Waitress Joi Pack has a secret life as a mischievous clown.
by Mick Kelly . portrait by Matt Rose
Her day jobs aren’t all that somber to begin with. Joi Pack, a 61-year-old Hendersonville resident, spends most days pouring cream sodas and making ice cream sundaes for customers at Mike’s on Main, a ‘50s-style soda shop and café in downtown Hendersonville. Or she might walk next door to the Sundries Shoppe and Arcade, full of video games and a carousel pony, where she also works part-time.
But when she really wants to get silly, Pack, who changed her name from Jodi to Joi 20 years ago, gets suited up as a clown. Doing it right takes a while, she says. “It hurts my heart to see scary images of clowns,” Pack says, explaining that she thinks some people scare kids unintentionally, by not applying their clown makeup correctly. “The world is scary enough as it is.”
For the most part, Pack turns into Joiful the clown for kids’ birthday parties, and fundraisers at Mike’s on Main like an autism awareness night for Henderson County schools. (“It’s awesome to have a clown on staff,” says Patty Adamick, the owner of both Mike’s and the arcade next door.) Pack, already rather short, says she takes special care to stoop down even lower, so that she doesn’t intimidate young children.
Still, when she turns into Joiful, she can give off a rather mischievous energy. “I’m a granny pin-up,” Pack said recently, posing for photographs. “Except this way, I feel good about myself afterwards.”

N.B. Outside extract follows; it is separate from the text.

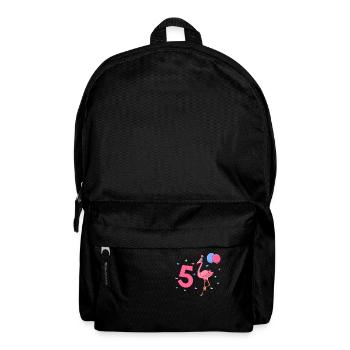 With Flamingo - Girls Birthday 5 Years - Backpack - black - Front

Appropriately, Pack was voted “Most Witty” in her high school. Growing up in Winter Park, Florida, she was always interested in theater, which she majored in at Rollins College there. She moved to Western North Carolina with her first husband in 1973. She has been married twice since but is currently single. Now, her 33-year-old daughter, Spring Dungan, lives in the area, and Pack says that, between time spent with her grandchildren and time spent clowning around in downtown Hendersonville, she’s a happy gal. “Even if I’m not dressed in face,” she says, “I’m a clown in the plain-clothes division.”